┌─ RECORDS FOR THIS TASK

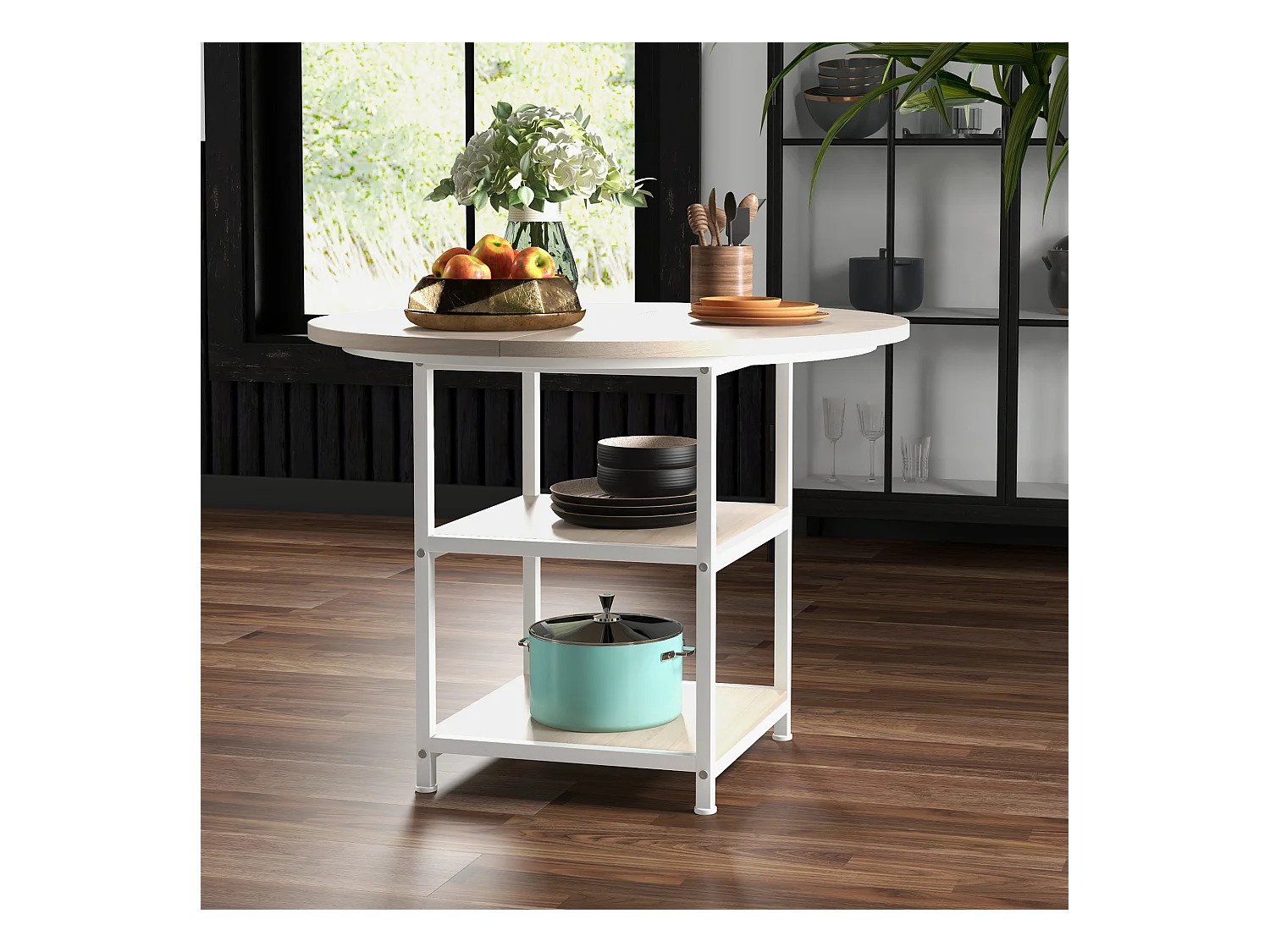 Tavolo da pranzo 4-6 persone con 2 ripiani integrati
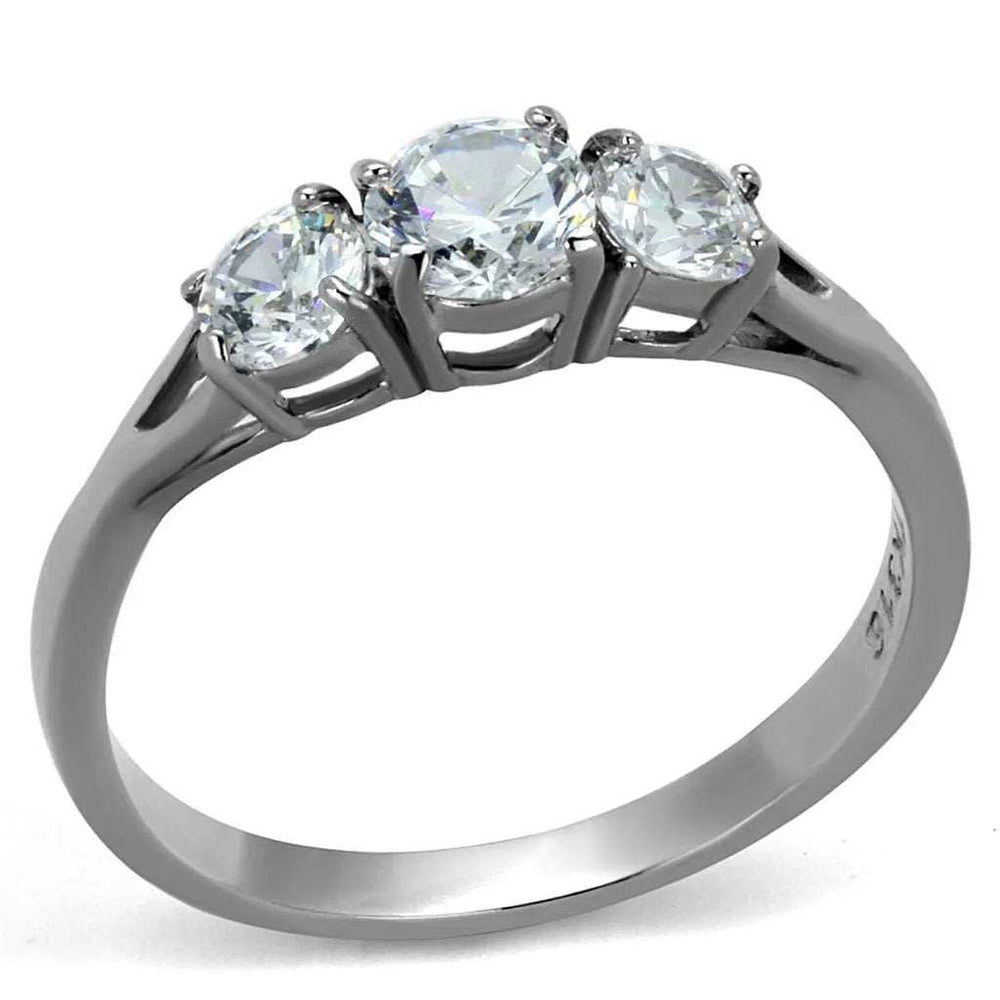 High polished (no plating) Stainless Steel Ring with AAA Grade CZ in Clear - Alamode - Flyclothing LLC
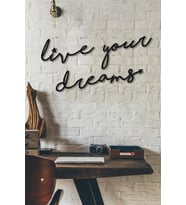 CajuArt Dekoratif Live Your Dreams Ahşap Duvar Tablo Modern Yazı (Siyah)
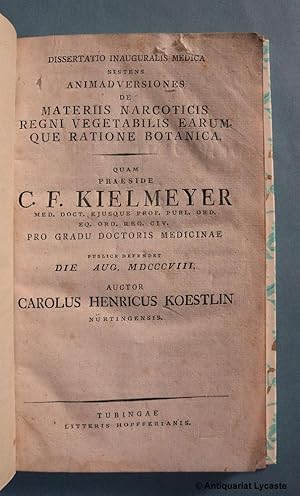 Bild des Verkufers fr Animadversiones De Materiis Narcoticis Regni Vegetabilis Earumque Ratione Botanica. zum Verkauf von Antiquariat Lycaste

└─
┌─ RECORDS FOR THIS TASK

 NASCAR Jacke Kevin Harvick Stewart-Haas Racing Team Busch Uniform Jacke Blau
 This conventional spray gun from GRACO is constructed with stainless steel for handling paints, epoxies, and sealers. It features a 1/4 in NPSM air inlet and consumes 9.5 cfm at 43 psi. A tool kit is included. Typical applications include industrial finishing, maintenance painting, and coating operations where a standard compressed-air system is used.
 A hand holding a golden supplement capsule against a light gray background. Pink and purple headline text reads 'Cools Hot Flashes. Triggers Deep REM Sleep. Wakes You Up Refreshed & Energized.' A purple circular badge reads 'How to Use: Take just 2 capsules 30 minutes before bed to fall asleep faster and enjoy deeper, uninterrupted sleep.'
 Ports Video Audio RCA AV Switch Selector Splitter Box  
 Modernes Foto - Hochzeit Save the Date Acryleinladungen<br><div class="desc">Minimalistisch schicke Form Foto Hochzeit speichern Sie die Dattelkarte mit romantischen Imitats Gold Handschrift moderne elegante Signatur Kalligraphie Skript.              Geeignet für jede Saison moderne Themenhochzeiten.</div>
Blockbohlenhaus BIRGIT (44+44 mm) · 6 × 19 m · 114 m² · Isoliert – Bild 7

└─
┌─ RECORDS FOR THIS TASK

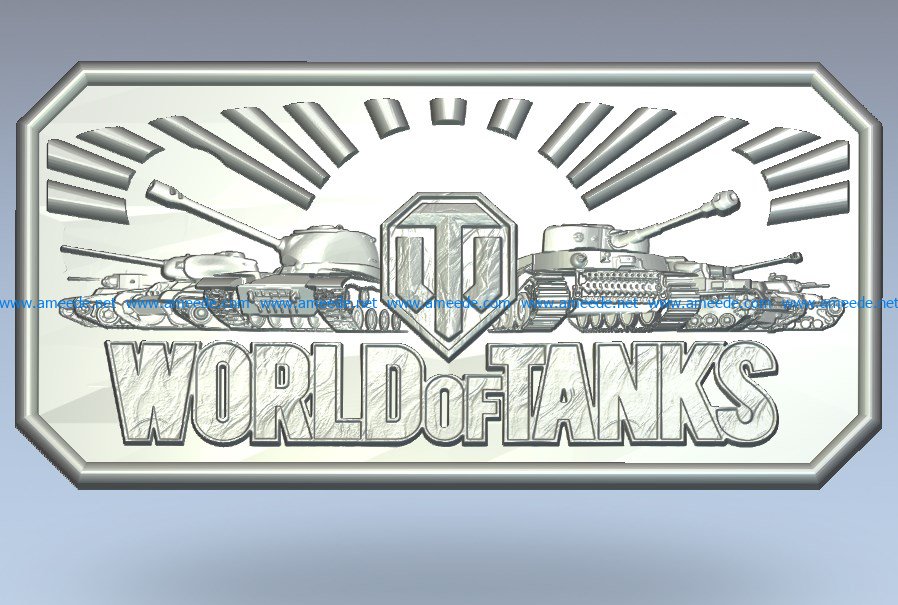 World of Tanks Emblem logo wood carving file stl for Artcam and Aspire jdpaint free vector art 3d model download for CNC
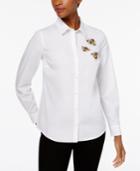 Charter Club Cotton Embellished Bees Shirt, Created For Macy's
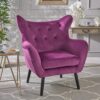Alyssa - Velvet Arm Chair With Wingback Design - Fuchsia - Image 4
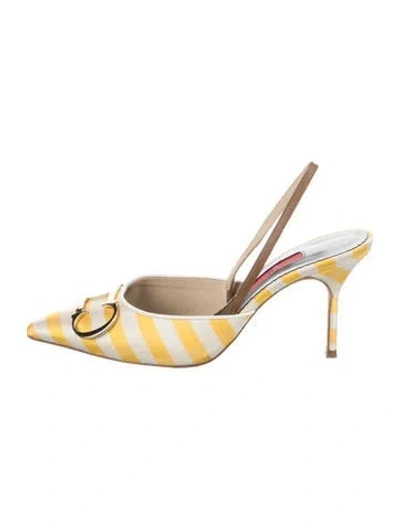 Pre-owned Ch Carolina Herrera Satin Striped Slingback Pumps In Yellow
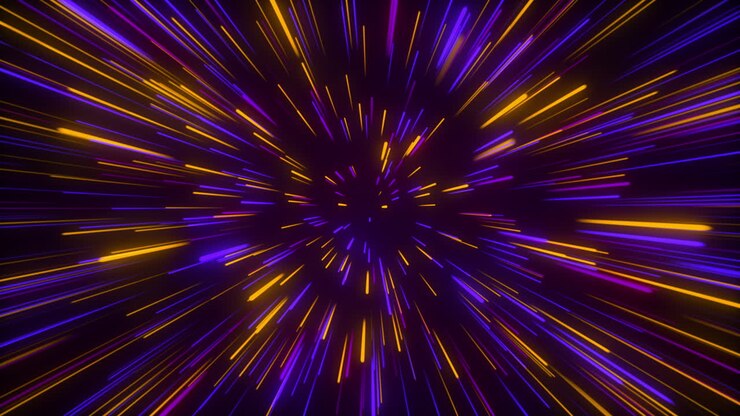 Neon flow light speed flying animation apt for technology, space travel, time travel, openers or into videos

└─

WHAT TO PRODUCE: What you write must match the listing exactly, from the line with "Tavolo da pranzo" up to and including the line with "Bild des Verkufers". Pictures stay out.

EXERCISE RESPONSE:
 Tavolo da pranzo 4-6 persone con 2 ripiani integrati
 High polished (no plating) Stainless Steel Ring with AAA Grade CZ in Clear - Alamode - Flyclothing LLC
 CajuArt Dekoratif Live Your Dreams Ahşap Duvar Tablo Modern Yazı (Siyah)
 Bild des Verkufers fr Animadversiones De Materiis Narcoticis Regni Vegetabilis Earumque Ratione Botanica. zum Verkauf von Antiquariat Lycaste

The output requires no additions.